Offensive rebounds are an interesting NBA stat for bettors because the more offensive rebounds the team accomplishes the more opportunity they have to score.
Think of offensive rebounds as the team buying itself a second chance to score with each rebound the win.
Defensive rebounds are interesting too. They measure how effective the team playing defense can stop the other team from winning that second chance to score.
Defensive rebounds are essential to analyze the defensive behavior and effectiveness of any team you would like to place a wager on.
Win Shares (WS)
Essentially, win shares measure how valuable a player is, based on wins. It estimates an individual contribution to their team’s win total.
The formula is complex, and there is no need to know how it works. The result is what’s important here. Any advanced stats site will have a column for each player’s win share numbers.
Points Per Possession (PPP)
The PPP stat is one of the most specific ones because its value is getting a lot of recognition lately.
Bettors can see how many points the Houston Rockets give up to pick-and-roll ball-handlers or how many points per possession LeBron James scores in any situation.
The points per possession stat is good when handicapping game totals or NBA prop bets to a specific player. It came to replace the raw points per game average used over the last 50 years.
Assists Percentage (AST%)
The formula to get the assists percentage is not complicated. It involves assists, minutes played, team field goals, and individual field goals.
In fact, this is barely an advanced stat considering most analysts have used this metric for years.
But it becomes important when talking about team assists. The best assist percentage team usually is a well-coached squad, willing to share the ball until they find the highest percentage shot.
Effective Field Goal Percentage (eFG%)
For years, field-goal percentage was the go-to-stat to find out if a team was shooting well. The effective field-goal percentage is the FG percentage stat on steroids because it assesses three-point attempts.
The eFG gives more value to the three-point shot because it is worth more, obviously.
Let’s say a player shoots ten times from inside the arc and nails five. He gets ten points. Another player tries ten shoots from beyond the arc, drilling five. He would score 15 points on the same eFG percentage.
Offensive Rating (ORtg)
This one is simple. Offensive Rating is the number of points produced by a play in 100 possessions.
The great thing about this ORtg stat is that it takes away the play’s pace and minutes played per game.
The number, however, favors big men with a high shooting percentage. It helps explain how efficient the player is on offense throughout the season.
Are NBA Advanced Analytics Reliable?
All of these metrics are excellent tools to incorporate into your NBA handicapping, but it’s important not to rely solely on them or any other NBA betting stats when wagering on pro basketball events.

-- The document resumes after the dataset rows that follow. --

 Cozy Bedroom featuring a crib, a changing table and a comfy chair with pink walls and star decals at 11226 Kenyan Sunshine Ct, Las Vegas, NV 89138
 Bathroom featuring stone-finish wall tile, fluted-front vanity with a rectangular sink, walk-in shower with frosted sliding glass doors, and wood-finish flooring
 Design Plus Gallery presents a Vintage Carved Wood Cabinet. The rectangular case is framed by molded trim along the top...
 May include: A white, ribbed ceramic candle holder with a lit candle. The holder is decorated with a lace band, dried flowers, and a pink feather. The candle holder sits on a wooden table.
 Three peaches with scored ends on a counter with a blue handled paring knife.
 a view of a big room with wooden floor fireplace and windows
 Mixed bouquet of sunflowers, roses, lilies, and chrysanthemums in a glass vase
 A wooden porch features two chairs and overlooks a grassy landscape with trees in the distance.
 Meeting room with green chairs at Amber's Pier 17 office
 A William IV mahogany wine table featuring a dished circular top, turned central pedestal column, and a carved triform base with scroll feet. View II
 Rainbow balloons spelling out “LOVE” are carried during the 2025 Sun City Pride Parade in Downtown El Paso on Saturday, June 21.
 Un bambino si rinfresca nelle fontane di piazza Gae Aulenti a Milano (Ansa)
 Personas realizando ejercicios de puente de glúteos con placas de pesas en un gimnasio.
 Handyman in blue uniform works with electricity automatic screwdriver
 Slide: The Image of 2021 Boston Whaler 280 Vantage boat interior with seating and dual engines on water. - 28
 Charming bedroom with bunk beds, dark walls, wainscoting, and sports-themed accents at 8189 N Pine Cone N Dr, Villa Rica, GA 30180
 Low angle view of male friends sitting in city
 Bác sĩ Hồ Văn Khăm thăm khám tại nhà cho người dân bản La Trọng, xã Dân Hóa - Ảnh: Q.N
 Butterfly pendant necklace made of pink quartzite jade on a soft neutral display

Oddsmakers are using many of them when they build their numbers. However, you may still have an edge in the main markets if you find that the bookmakers aren’t valuing the teams accurately.
These NBA advanced statistics are especially valuable for smaller NBA markets, like player props. They also can be excellent for NBA futures and season-long win totals.
Anybody interested can find the actual NBA advanced metrics at Basketball-Reference.com.